I need help finding a relationship between required force as a function of displacement, tension and other involved variables.

2. Feb 12, 2013

### tiny-tim

hi abhiramv! welcome to pf!

show us what you've tried, and where you're stuck, and then we'll know how to help!

3. Feb 21, 2013

### abhiramv

Hi tiny-tim, Thanks!

Sorry for the super delayed response.

I'm honestly not sure where to start. I've taken mechanics courses, so I was going to use a beam-bending model, but I wasn't sure how that would apply to an elastic material that is already tensioned.

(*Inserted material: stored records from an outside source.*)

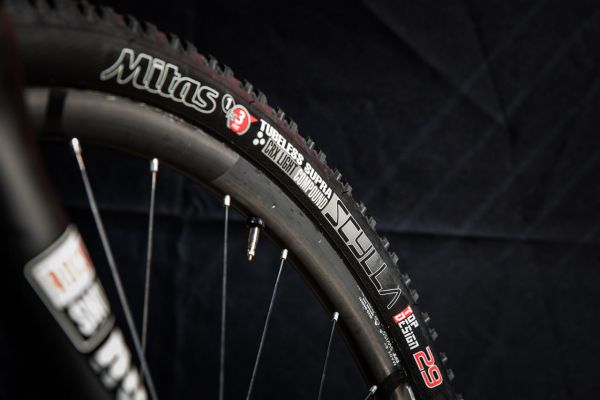 Kross Level Maji, Jolandy a spol.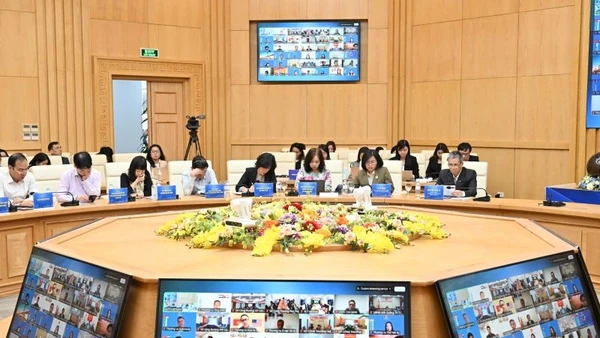 Hội nghị giao ban xúc tiến thương mại với hệ thống thương vụ Việt Nam ở nước ngoài quý I/2026 theo hình thức kết hợp trực tiếp và trực tuyến.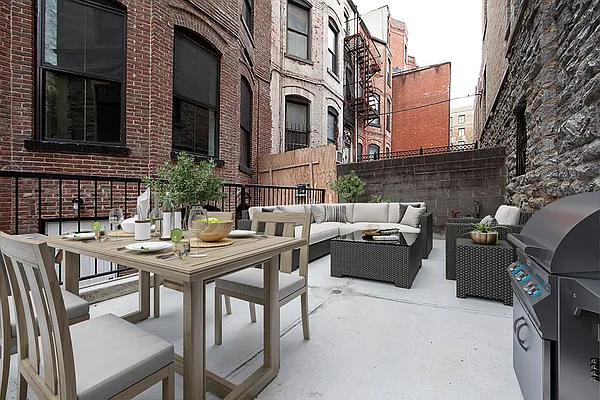 Rented by R New York | media 1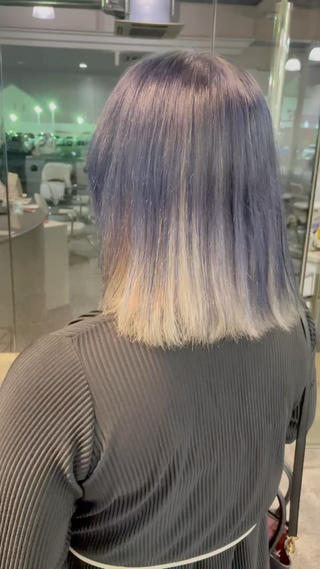 ブリーチ2回のブルー×ホワイトカラー 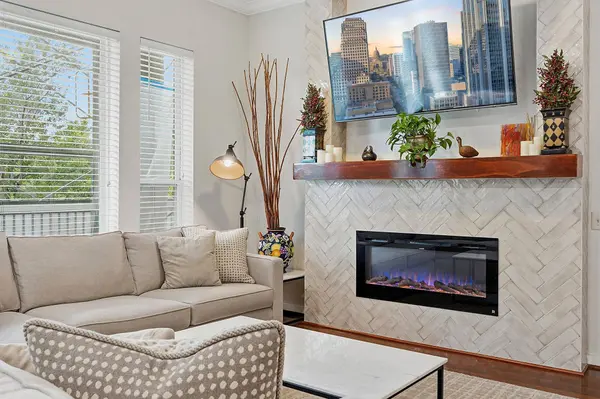 1900 Barton Springs RD #2026, Austin, TX 78704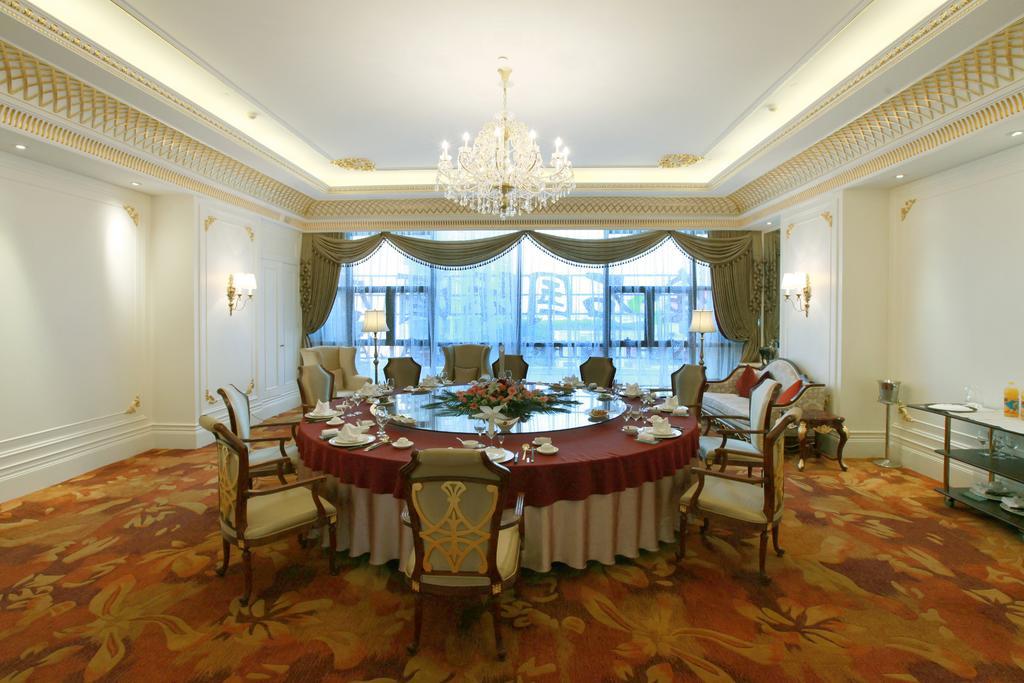 Nantong Jinshi International Hotel Екстериор снимка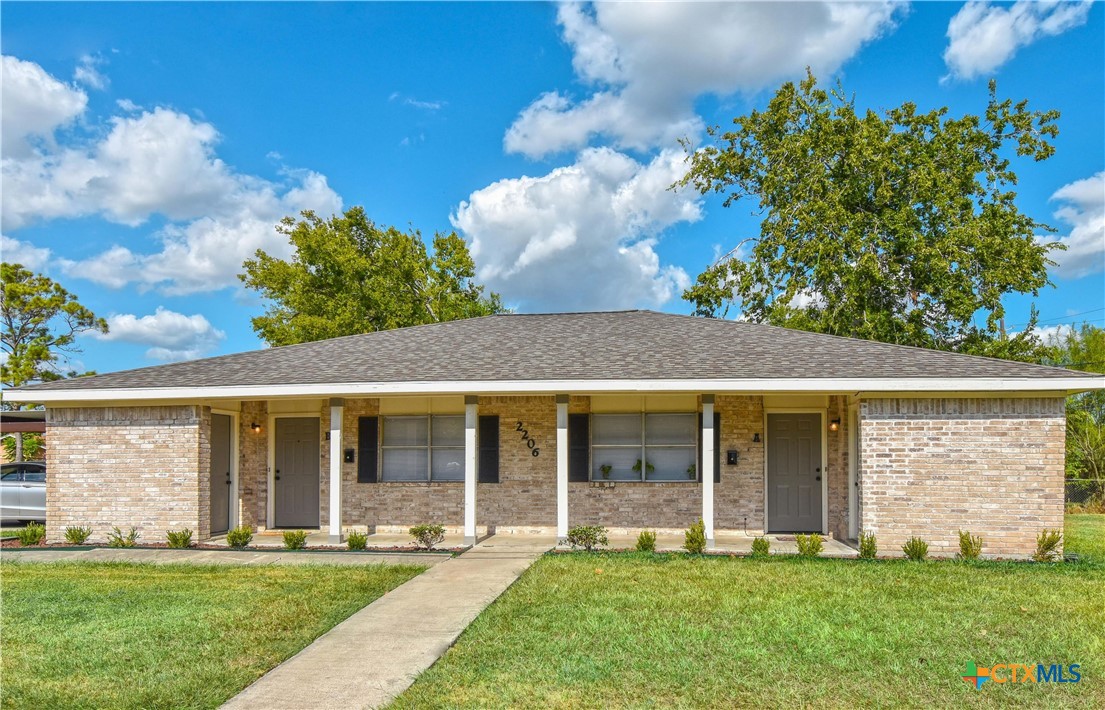 2206 Lova Drive Property Photo 1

Any advice would be greatly appreciated!

4. Feb 22, 2013

### pongo38

If you mean longitudinal displacement, then the answer is staring you in the face in your question. If you mean lateral displacement, that is a bit more complicated. So...badly worded question?

5. Feb 22, 2013

### abhiramv

Hi Pongo38. Yes, I mean lateral displacement (In my original post I wrote axial displacement of a longitudinally tensioned elastic material).

6. Feb 22, 2013

### pongo38

Your value for k is meaningless unless it is better defined. I assume you mean central lateral force and corresponding 5mm deflection. Consider the triangle of forces at the central node representing equilibrium, and then draw a geometrically similar triangle for the geometry of the situation. Answer is then obvious. (at least it's a good first approximation and you can refine it from there)

7. Feb 23, 2013

### nvn

abhiramv: Is this a schoolwork question? I am currently assuming you want the cable axial force required to elongate your cable axially (longitudinally). If your material remains in a range that is approximately linear, then the tensile force is approximately T2 = k*x, where k = cable axial stiffness, and x = cable axial elongation. E.g., if x = 5 mm, then T2 = k*x = (1652 N/mm)(5 mm) = 8260 N. If the cable was pretensioned to T1 = 105 N, then the new cable tension is T3 = T1 + T2 = 105 + 8260 = 8365 N. Let us know if this is not what you want.

Last edited: Feb 23, 2013